I brought the mushrooms given me the week prior by my younger brother gene.

I stumbled through the mist, unsure of any destination. The Snake river meandered through the valley.

I contemplated the morning previous where I woke up early on a queen sized foam mattress in Salt Lake City… Awoken too soon by a kiss on the forehead from Lauren and I opened my eyes to hers.

She squeezed my hand and said, do you love me?

And in that rare truthful place between dream and waking, I told her plainly, No, and drifted back into the former.

I live alone now. I live alone now. This was my mantra gazing up into the aspens and the wild snowdrifts cast like wigs on mountaintops which I’d never summit.

A week prior, I’d given Lauren a bushel of roses. Wilted now and bereft of scent, I’d brought them with me.
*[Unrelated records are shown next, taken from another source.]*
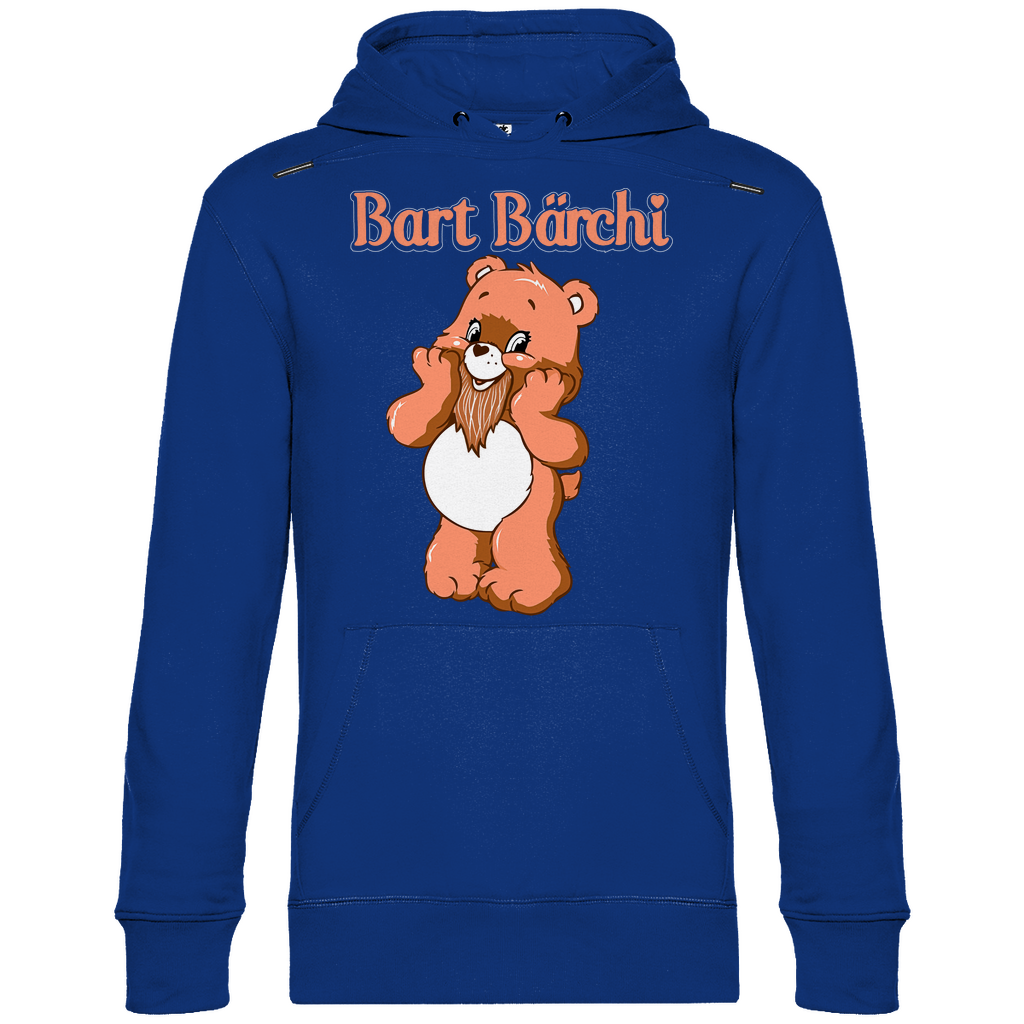 Bart Bärchi - Glücksbärchi - Unisex Hoodie Royal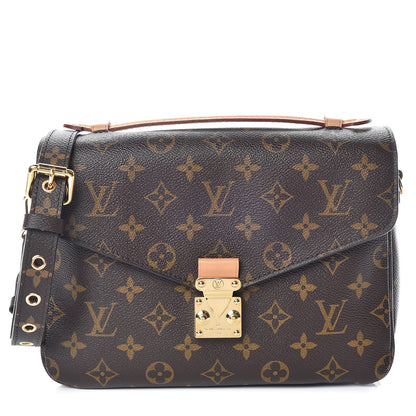 Louis Vuitton Monogram Pochette Metis 1 of 11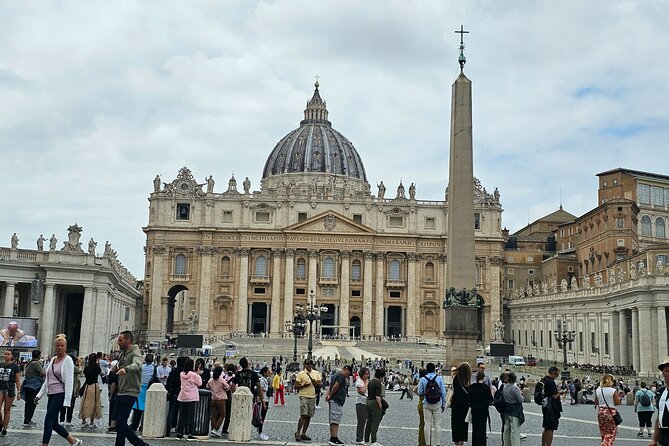 St. Peters Basilica Dome to Underground Grottoes Tour - Booking and Flexibility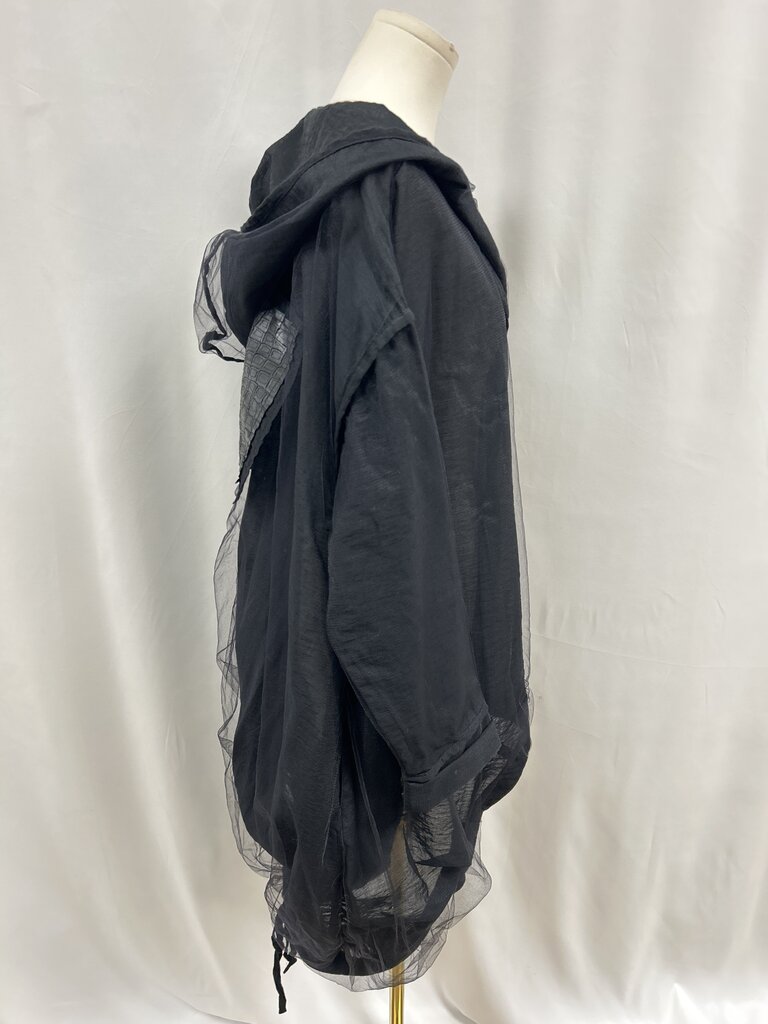 Link Black Mesh Jacket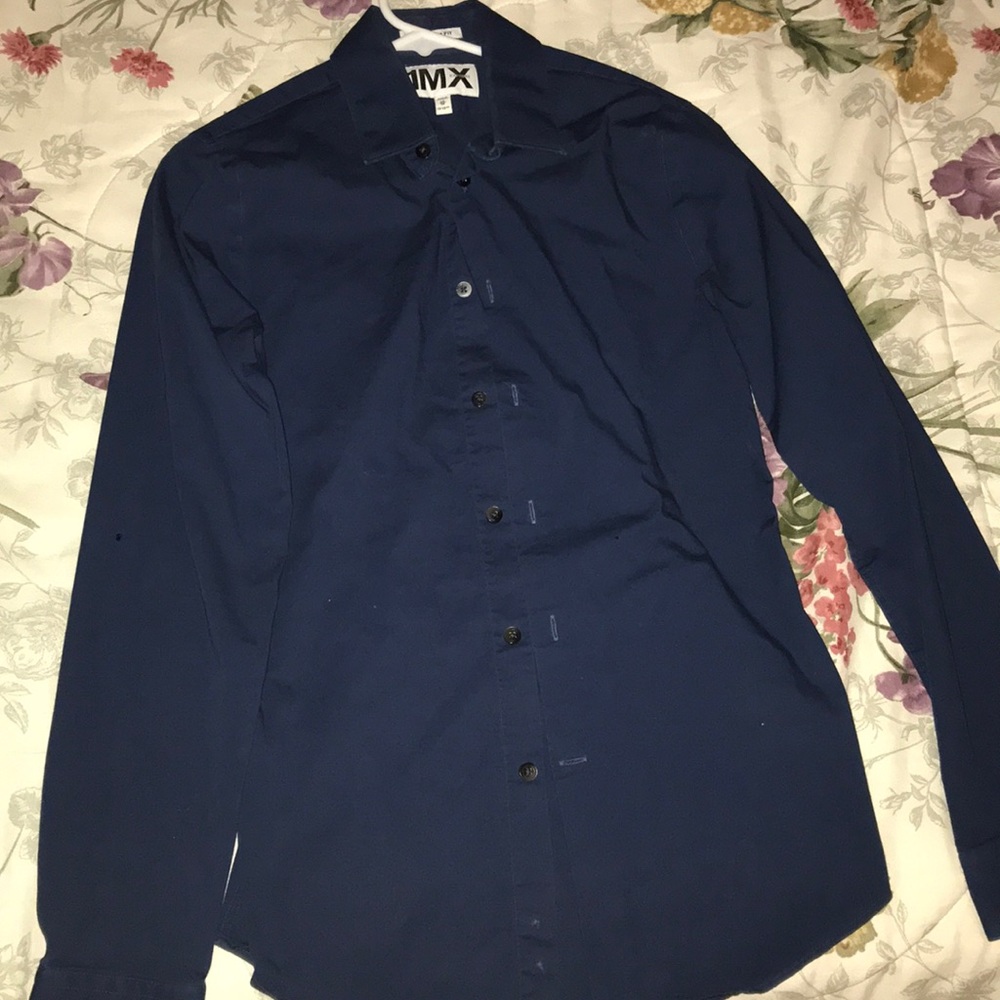 Long sleeve button down shirt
Stuffed in my backpack between a plastic bottle of bourbon and some unpublished fiction by James Dean that I’d recently acquired with a little more than half of my life savings.

At every turn in the trail now, I dropped a petal, each descent magnified with a comprehension never experienced by anyone other than me… there… in those circumstances.

From a nearby stand of trees I heard a rustling and, more childlike than I’d ever been, I went to investigate.

I saw the mother first… head nearly as high as the lowest pine cones and then, to my despair, the two children following behind.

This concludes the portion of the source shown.